Huawei CloudMatrix AI performance has achieved what the company claims is a significant milestone, with internal testing showing its new data centre architecture outperforming Nvidia’s H800 graphics processing units in running DeepSeek’s advanced R1 artificial intelligence model, according to a comprehensivetechnical paperreleased this week by Huawei researchers.
The research, conducted by Huawei Technologies in collaboration with Chinese AI infrastructure startup SiliconFlow, provides what appears to be the first detailed public disclosure of performance metrics for CloudMatrix384.
However, it’s important to note that the benchmarks were conducted by Huawei on its systems, raising questions about independent verification of the claimed performance advantages over established industry standards.

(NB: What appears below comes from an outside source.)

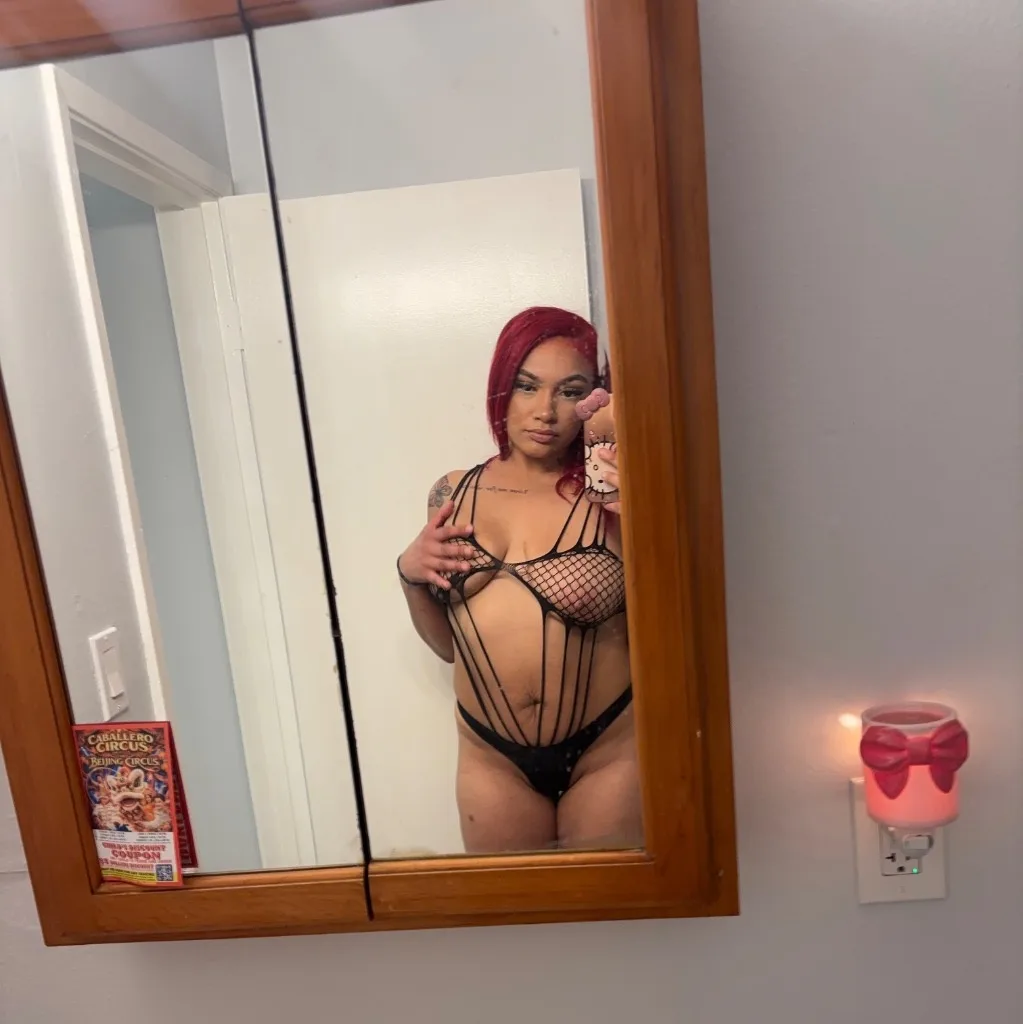 selena here i kkow your horny baby text me, lets get acquainted & verify im available & ready when you are lets make some memories serious inquiries only - Photo 2 | Escort in Oakland coliseum Oakland airport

The paper describes CloudMatrix384 as a “next-generation AI datacentre architecture that embodies Huawei’s vision for reshaping the foundation of AI infrastructure.” While the technical achievements outlined appear impressive, the lack of third-party validation means results should be viewed in the context of Huawei’s continuing efforts to demonstrate technological competitiveness outside of US sanctions.
The CloudMatrix384 architecture
CloudMatrix384 integrates 384 Ascend 910C NPUs and 192 Kunpeng CPUs in a supernode, connected by an ultra-high-bandwidth, low-latency Unified Bus (UB).
Unlike traditional hierarchical designs, a peer-to-peer architecture enables what Huawei calls “direct all-to-all communication,” allowing compute, memory, and network resources to be pooled dynamically and scaled independently.
The system’s design addresses notable challenges in creating modern AI infrastructure, particularly for mixture-of-experts (MoE) architectures and distributed key-value cache access, considered essential for large language model operations.
Performance claims: The numbers in context
The Huawei CloudMatrix AI performance results, while conducted internally, present impressive metrics on the system’s capabilities. To understand the numbers, it’s helpful to think of AI processing like a conversation: the “prefill” phase is when an AI reads and ‘understands’ a question, while the “decode” phase is when it generates its response, word by word.
According to the company’s testing, CloudMatrix-Infer achieves a prefill throughput of 6,688 tokens per second per processing unit, and 1,943 tokens per second when generating a response.
Think of tokens as individual pieces of text – roughly equivalent to words or parts of words that the AI processes. For context, this means the system can process thousands of words per second on each chip.
The “TPOT” measurement (time-per-output-token) of under 50 milliseconds means the system generates each word in its response in less than a twentieth of a second – creating remarkably fast response times.
More significantly, Huawei’s results correspond to what it claims are superior efficiency ratings compared with competing systems. The company measures this through “compute efficiency” – essentially, how much useful work each chip accomplishes relative to its theoretical maximum processing power.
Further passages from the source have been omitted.